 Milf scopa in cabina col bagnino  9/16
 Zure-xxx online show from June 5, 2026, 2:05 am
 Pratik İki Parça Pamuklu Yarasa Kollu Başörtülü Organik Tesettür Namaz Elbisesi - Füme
__________
• [EXERCISE] Repeat the data in its entirety, word for word.

• [WRITTEN RESPONSE]
 Milf scopa in cabina col bagnino  9/16
 Zure-xxx online show from June 5, 2026, 2:05 am
 Pratik İki Parça Pamuklu Yarasa Kollu Başörtülü Organik Tesettür Namaz Elbisesi - Füme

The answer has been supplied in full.